US 12,334,055 B2
	Stochastic future context for speech processing
Kwangyoun Kim, Santa Clara, CA (US); Felix Wu, Ithaca, NY (US); Prashant Sridhar, New York, NY (US); and Kyu Jeong Han, Pleasanton, CA (US)
Assigned to ASAPP, INC., New York, NY (US)
Filed by ASAPP, INC., New York, NY (US)
Filed on Nov. 18, 2021, as Appl. No. 17/530,139.
Claims priority of provisional application 63/170,172, filed on Apr. 2, 2021.
Prior Publication US 2022/0319501 A1, Oct. 6, 2022
Int. Cl. G10L 15/16 (2006.01); G06F 16/34 (2025.01); G06F 40/30 (2020.01); G06N 3/04 (2023.01); G06N 3/045 (2023.01); G06N 3/08 (2023.01); G10L 15/06 (2013.01); G10L 15/26 (2006.01); H04R 3/00 (2006.01)

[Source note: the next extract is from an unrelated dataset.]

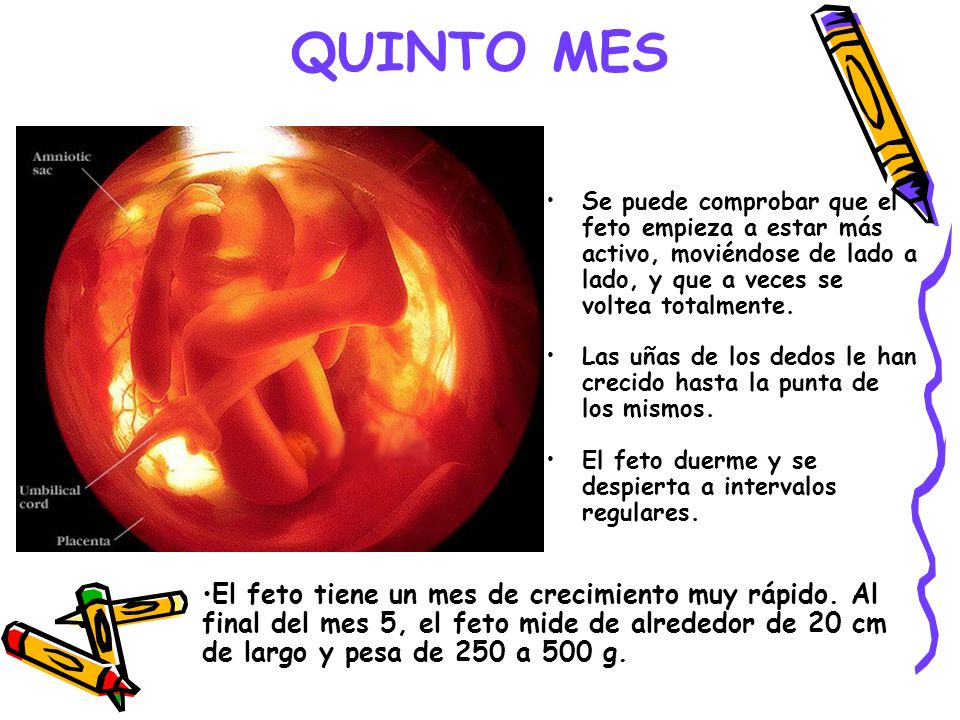 QUINTO MES Se puede comprobar que el feto empieza a estar más activo, moviéndose de lado a lado, y que a veces se voltea totalmente.
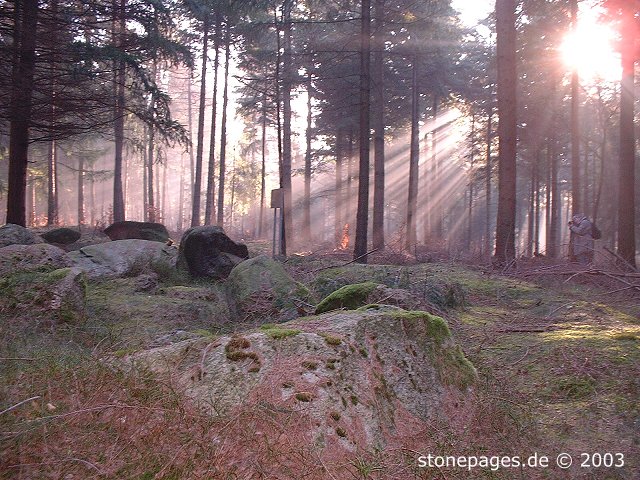 Click for the gallery page to add comments and vote (PID:5967) Reinecke Grosssteingrab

CPC G10L 15/16 (2013.01) [G06N 3/045 (2023.01); G10L 15/26 (2013.01)]

20 Claims

1. A computer-implemented method for training a neural network to compute a first output corresponding to a first input, comprising:

obtaining a corpus of training data;

initializing parameters of the neural network; and

training the parameters of the neural network with a plurality of update steps, wherein a first update step comprises:

determining a first future-context size by sampling a probability distribution to choose a value for the first future-context size with a probability defined by a density function of the probability distribution, wherein the first future-context size corresponds to an amount of input that are future to the first input to be used in computing the first output,

masking the neural network using the first future-context size to obtain a first masked neural network,

computing the first output of the neural network by processing a first sample of the training data with the first masked neural network,

computing a first loss value using the first output, and

updating the parameters of the neural network using the first loss value.